The marine two-cylindered compound engine rapidly became obsolete, with virtually none being built from 1885 onwards.

==British service (1882–1906)==
Aberdeen began her maiden voyage on 30 March 1882, under the command of Charles Matheson, who had previously been captain of Thermopylae. She took a triangular route. The outward leg started from London, picked up passengers at Plymouth, made a coaling stop at Cape Town and arrived at Melbourne on 14 May, having logged 44 days of steaming. She averaged 302 nmi per day at a daily fuel consumption of 35 tons – well within the "in service" figure estimated from trials. She unloaded at Melbourne and Sydney, then took a cargo of New South Wales coal to Shanghai. The third leg of the triangle was tea from Foochow (Fuzhou), back to London via the Suez Canal, with intermediate stops at Hong Kong and Singapore. This triangular route was necessary because there was a shortage of cargoes to take back to London from Australia at that time of year. It replicated the route taken by the sailing fleet of the Aberdeen Line. Aberdeens second voyage was directly to and from Australia, carrying a cargo of wool on the return trip.
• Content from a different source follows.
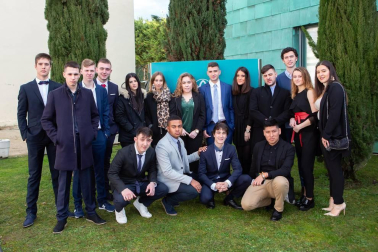 El pasado 1 de febrero tuvo lugar el acto de presentaciones de la XVII Semana de Empresa que Foro Europeo Escuela de Negocios de Navarra organiza anualmente y en la que participan los alumnos de Grado Superior. El objetivo es acercar la realidad empresarial a los alumnos, de manera práctica y lúdica, acorde a la metodología de la Escuela. En esta edición, y organizados por grupos, los estudiantes presentaron el Centro Comercial La Morea, el Hotel Alma Pamplona, Disnapin, Diario de Navarra y el Circuito de Navarra.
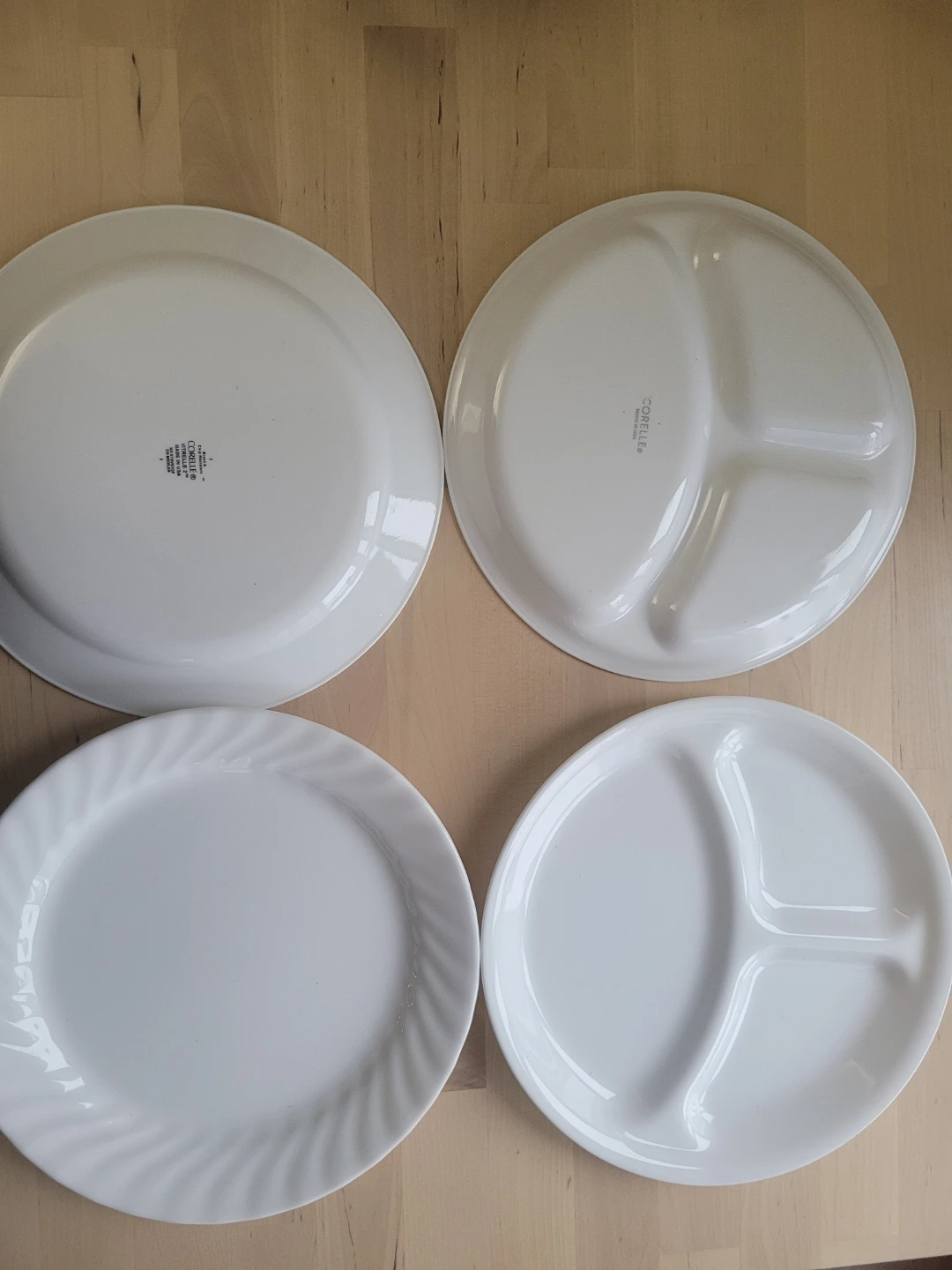 Set of 4 Corelle White Plates - 2 Divided, 2 Swirl Rim - photo 2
This was the pattern of trade for her first seven years: two voyages to Australia a year, with the return trip alternating between wool from the Australian wool sales and tea from China (with coal from Australia to China).

Aberdeens triangular trade was in competition with shipowners who had steamers in the China to London trade. These operated a cartel called the China and Japan Conference, which sought to control the rates of freight from China. They attempted to prevent non-conference ships from competing by invoking their ability to remove retrospective rebates in freight rates from shippers who sent any cargoes on ships that were not a member of the conference. The 1882 cargo loaded by Aberdeen in Foochow was one element of a dispute over this cartel. It culminated in a court case in 1887, which the Conference won in the High Court, the Court of Appeal, and then in the House of Lords. In 1889, Aberdeen ceased making return trips via China and concentrated on a service directly to and from Australia.

The import of frozen meat from Australia had been suggested among Aberdeen Line management in 1880. However, they were slow to adapt a ship for its carriage, preferring to wait for the cessation of any market resistance to this product that might affect the return on the investment required. The Orient Line started fitting refrigeration to three ships in 1880 and other lines had their ships similarly equipped in 1887, 1890 and 1893. Aberdeen was eventually adapted to carry frozen meat in 1892. (Note: It is suggested that the different ownership and financing methods used by the Aberdeen Line, with ships being financed by equity from the owners rather than by borrowing, may have slowed the investment in refrigeration machinery and insulation.)

She was modernized in 1892 and again in 1896, when electric lights and refrigeration were installed. Her last voyage with the Aberdeen Line was to Sydney and started on 19 December 1905.

==Ottoman service (1906–1915)==
In 1906, the Ottoman government acquired Aberdeen and renamed her Halep. She was employed as a troopship and a ferry on the Black Sea. During the Gallipoli campaign of World War I, she was refitted into a hospital ship, assigned to the Hilal-i Ahmer (Ottoman Turkish for Red Crescent) to transport wounded soldiers to the Selimiye Barracks in Istanbul, which was converted into a military hospital.

In May 1915, the Royal Navy submarine HMS E11, towards the end of her first cruise into the Bosphorus, was unable to attack the passing Halep, as all E11s torpedoes had already been fired. On 5 August, on the first day of her second cruise, E11 torpedoed Halep off Akbaş jetty, east of Eceabat on the Gallipoli peninsula. She was struck on the starboard side, forward, and sank in shallow water. On 8 August she was refloated and taken to Istanbul for repairs. The transport, having returned to Akbaş, was again torpedoed on 25 August, this time amidships, and capsized and sank. It is estimated that two hundred of the crew and soldiers on board were killed. The shipwreck lies 10–15 m under water off Akbaş.

On 25 August 2022, a rally and a dive on the shipwreck took place, to commemorate and pay tribute to the soldiers and medical personnel who died during the incident.